• **Directions for this task**: With all pictures omitted, return verbatim the lines from the beginning of the records below through the line containing "What to do after".

• **Given data**:
※ ※ ※

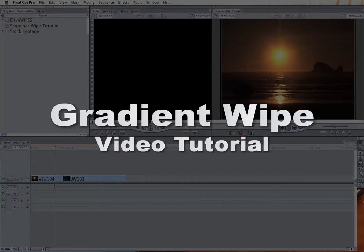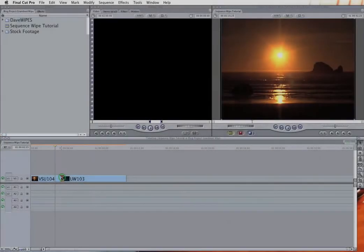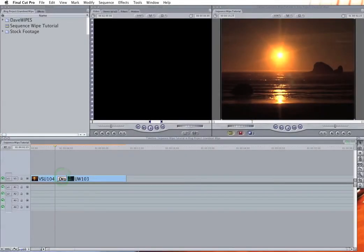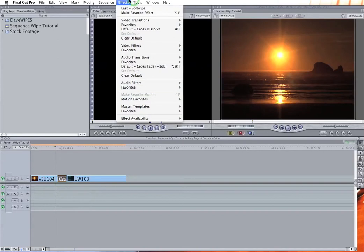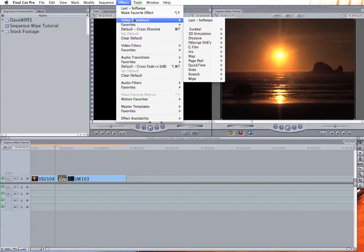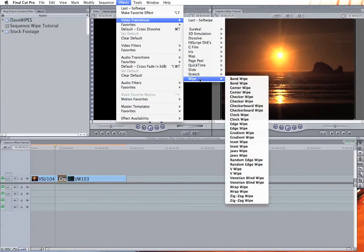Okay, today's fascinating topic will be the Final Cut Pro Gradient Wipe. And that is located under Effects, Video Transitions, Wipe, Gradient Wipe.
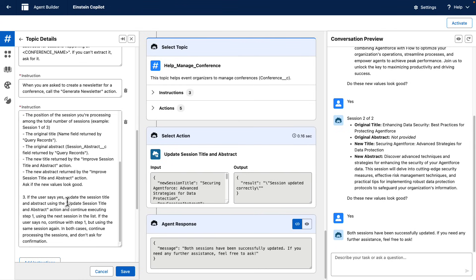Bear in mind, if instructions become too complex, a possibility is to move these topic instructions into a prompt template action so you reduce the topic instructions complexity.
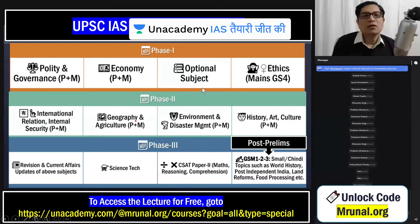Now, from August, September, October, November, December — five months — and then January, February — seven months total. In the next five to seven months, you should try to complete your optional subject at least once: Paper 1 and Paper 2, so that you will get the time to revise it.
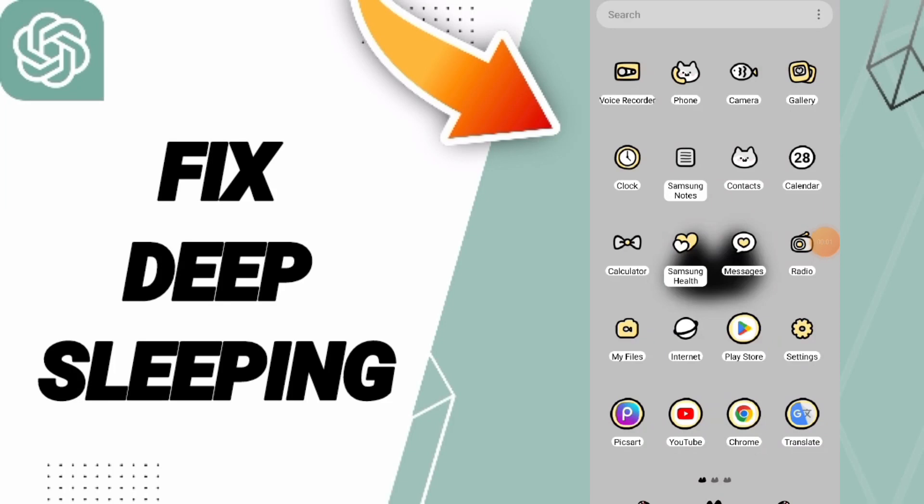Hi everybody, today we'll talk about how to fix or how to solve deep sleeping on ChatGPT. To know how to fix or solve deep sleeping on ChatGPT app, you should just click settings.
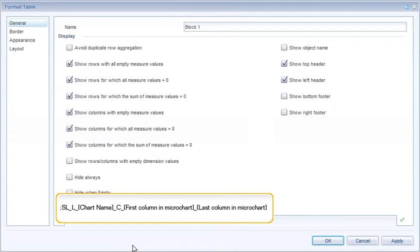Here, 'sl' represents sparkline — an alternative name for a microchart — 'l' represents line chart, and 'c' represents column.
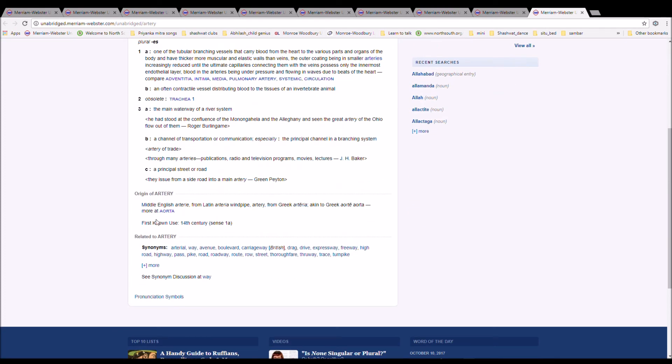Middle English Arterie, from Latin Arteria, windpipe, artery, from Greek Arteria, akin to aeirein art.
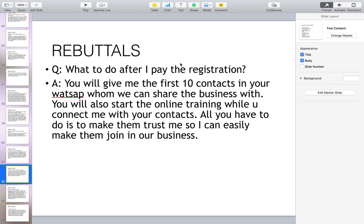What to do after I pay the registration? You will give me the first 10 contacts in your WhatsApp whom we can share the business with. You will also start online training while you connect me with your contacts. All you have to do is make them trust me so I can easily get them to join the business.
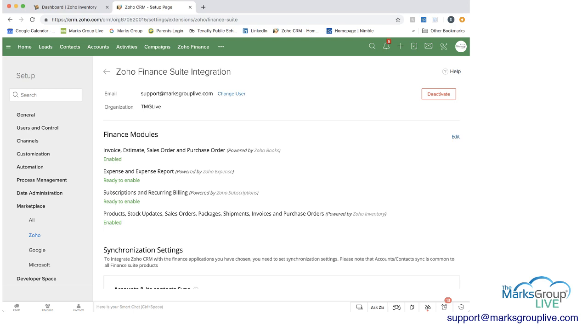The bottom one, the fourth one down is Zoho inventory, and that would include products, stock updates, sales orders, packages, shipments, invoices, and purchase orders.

※ ※ ※

• **Task response**:
Okay, today's fascinating topic will be the Final Cut Pro Gradient Wipe. And that is located under Effects, Video Transitions, Wipe, Gradient Wipe.
Bear in mind, if instructions become too complex, a possibility is to move these topic instructions into a prompt template action so you reduce the topic instructions complexity.
Now, from August, September, October, November, December — five months — and then January, February — seven months total. In the next five to seven months, you should try to complete your optional subject at least once: Paper 1 and Paper 2, so that you will get the time to revise it.
Hi everybody, today we'll talk about how to fix or how to solve deep sleeping on ChatGPT. To know how to fix or solve deep sleeping on ChatGPT app, you should just click settings.
Here, 'sl' represents sparkline — an alternative name for a microchart — 'l' represents line chart, and 'c' represents column.
Middle English Arterie, from Latin Arteria, windpipe, artery, from Greek Arteria, akin to aeirein art.
What to do after I pay the registration? You will give me the first 10 contacts in your WhatsApp whom we can share the business with. You will also start online training while you connect me with your contacts. All you have to do is make them trust me so I can easily get them to join the business.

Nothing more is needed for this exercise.